┌────────

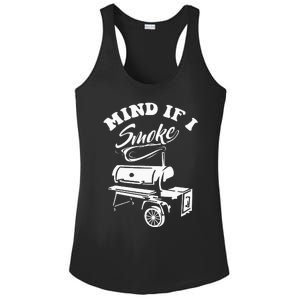 Mind If I Smoke Funny BBQ Smoker & Grilling Ladies PosiCharge Competitor Racerback Tank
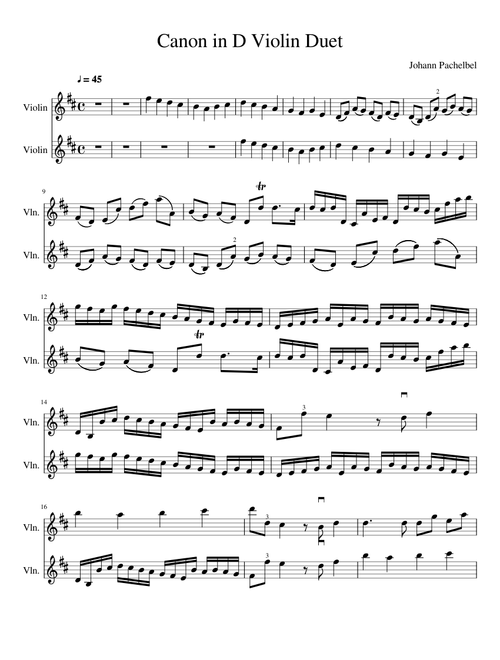 Canon in D Violin Duet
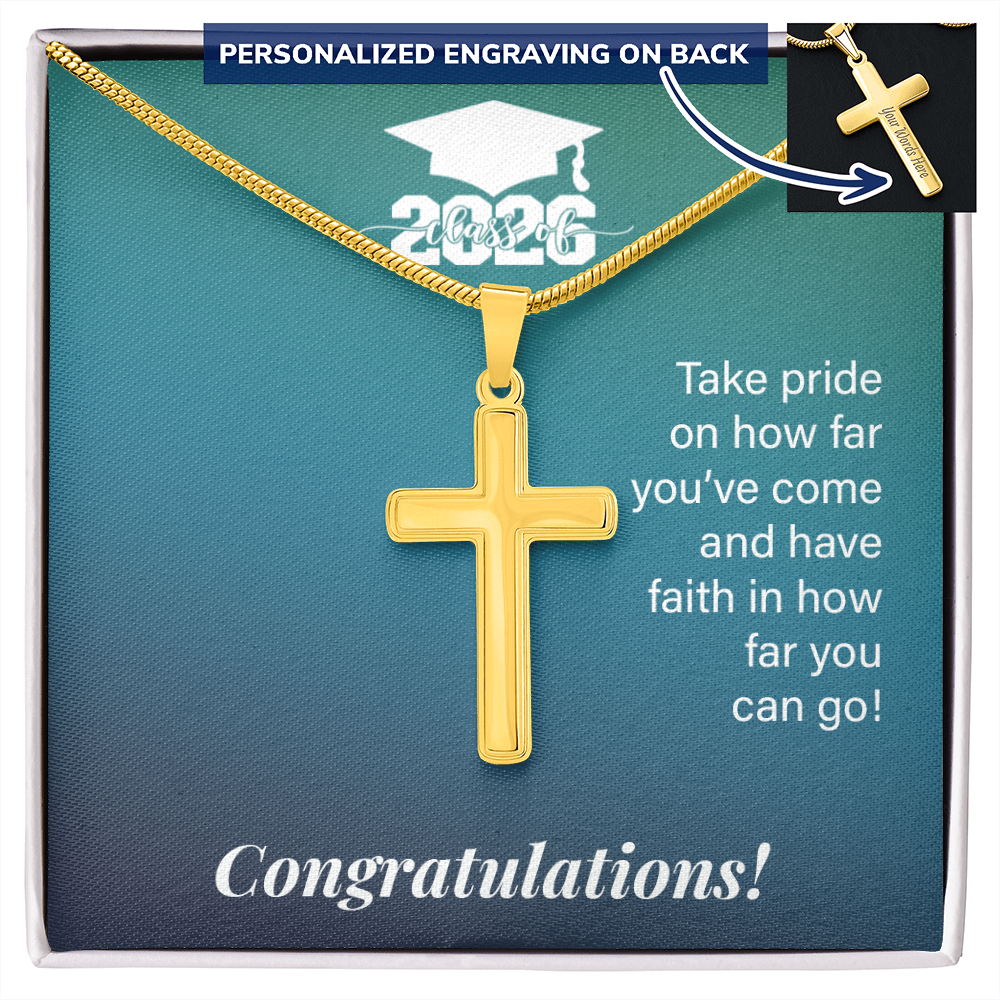 Personalized Cross Necklace with Snake Chain - Gift For Son, Grandson, Great Grandson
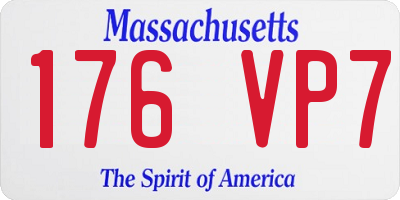 MA license plate 176VP7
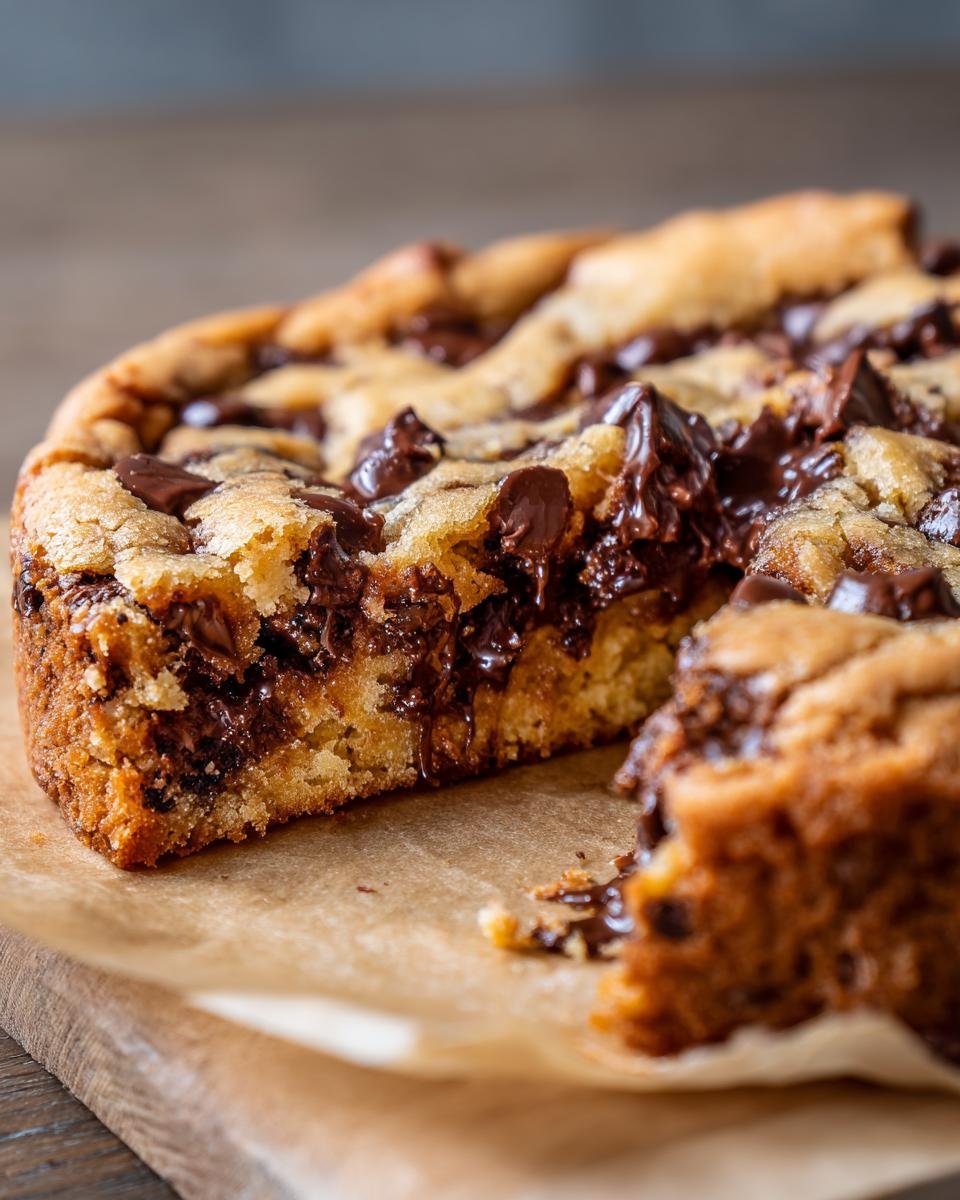 A decadent slice of the ultimate chocolate chip cookie cake, showcasing gooey melted chocolate chips.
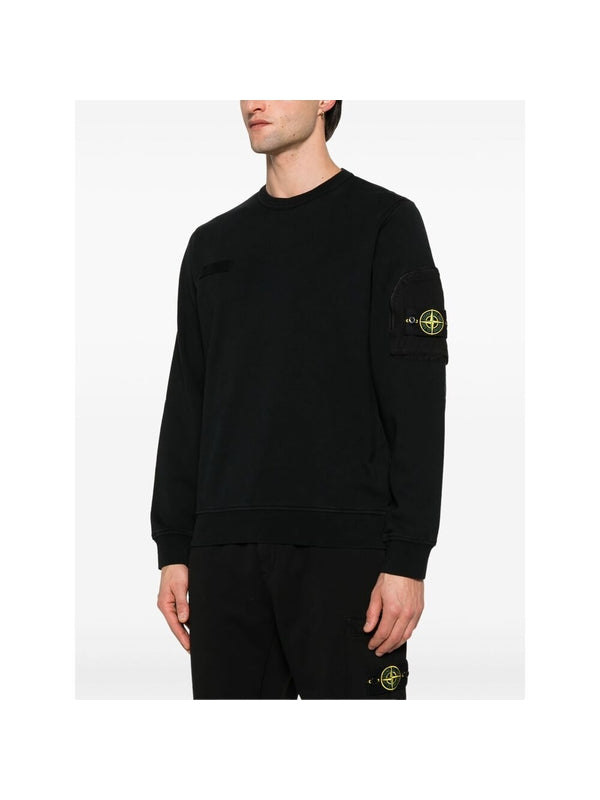 Appliqué Patch Zipper Pocket
  Sweatshirt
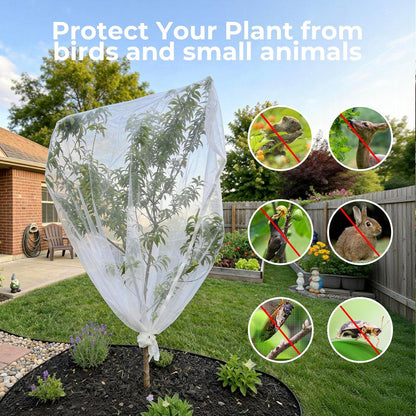 Fruit Tree Netting Cover with Zipper & Drawstring, 2 Packs 6ft x 6ft Insect Bird Barrier Netting for Garden Protection, Ultra Fine Mesh Garden Netting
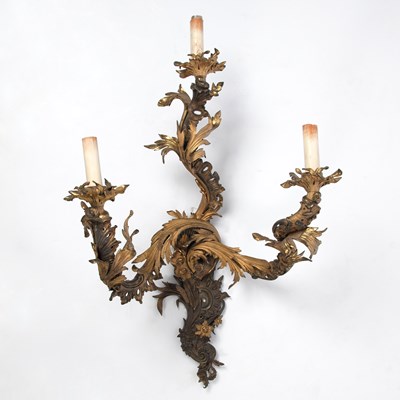 Lot 261 - Large Louis XV Style Bronze Three Light Wall Sconce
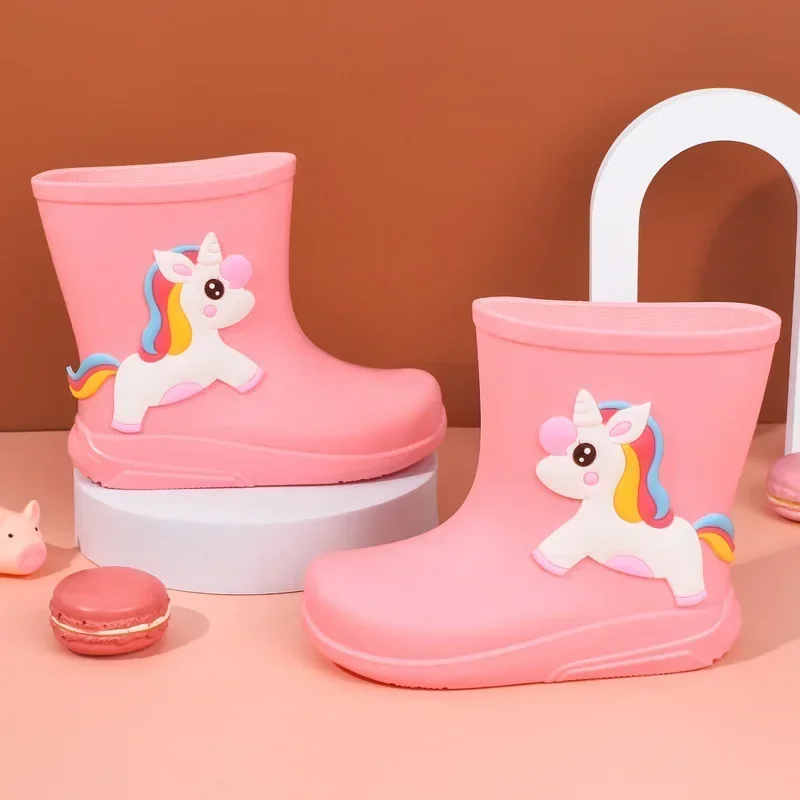 Children Rain Boots Boys Girls Fleece Shoes Detachable Non Slip Kids Water Shoes Cartoon Cute Rain Boots Rubber Shoes Childrens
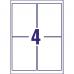 Avery B3483-50 Ultra Resistant Labels 50 sheets - 4 Labels per Sheet 32746J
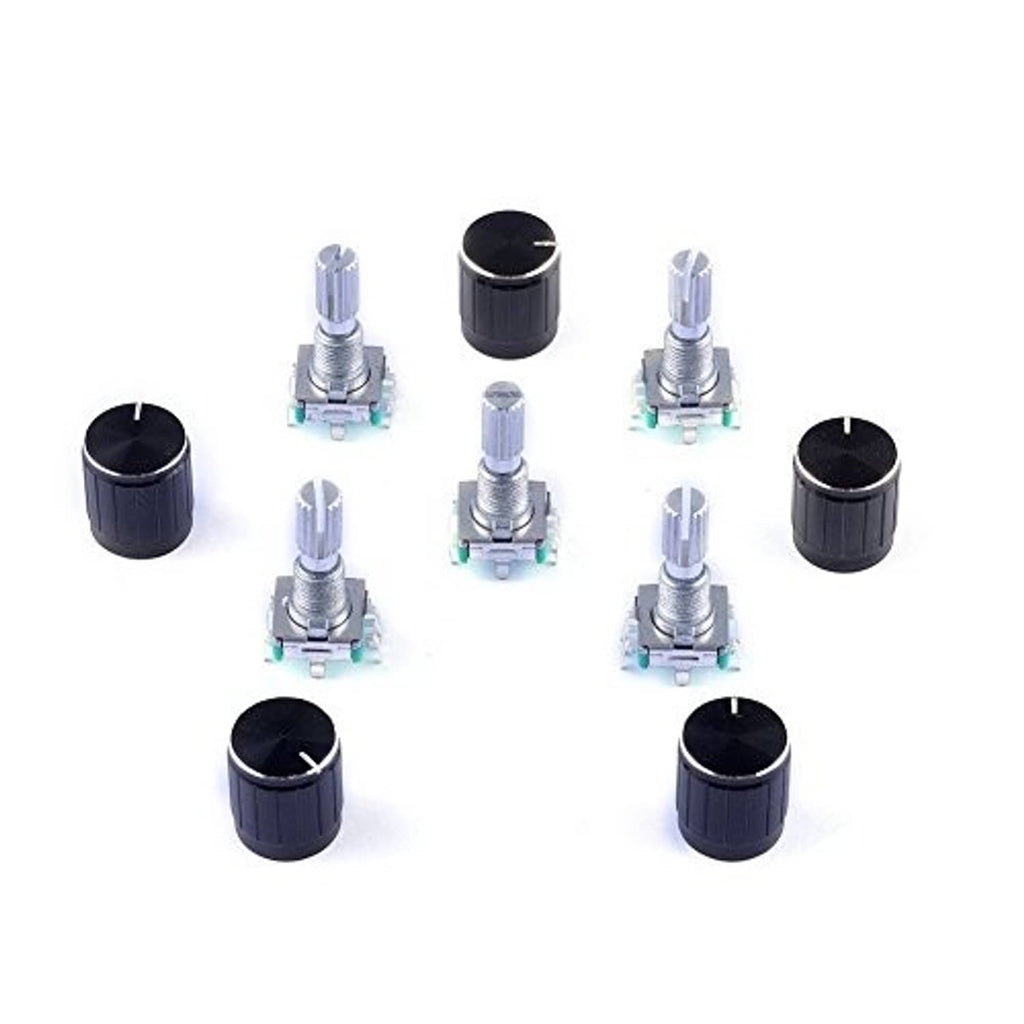Set of 5 rotary encoder code switch potentiometer modules with black push knobs.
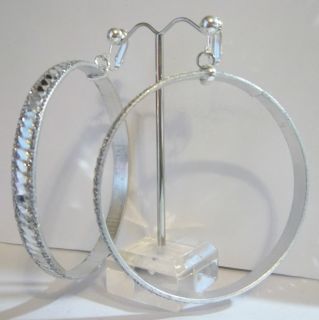 Clip on 3 Laser Cut Silver Glitter Hoop Earrings J199 Juicebox Jewels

└────────

§ **WHAT THE TASK ASKS**:
Give the lines from the one containing "Avery B3483-50 Ultra" through the final line of the material again, exactly and in full, but without pictures.

§ **EXERCISE RESULT**:
 Avery B3483-50 Ultra Resistant Labels 50 sheets - 4 Labels per Sheet 32746J
Set of 5 rotary encoder code switch potentiometer modules with black push knobs.
 Clip on 3 Laser Cut Silver Glitter Hoop Earrings J199 Juicebox Jewels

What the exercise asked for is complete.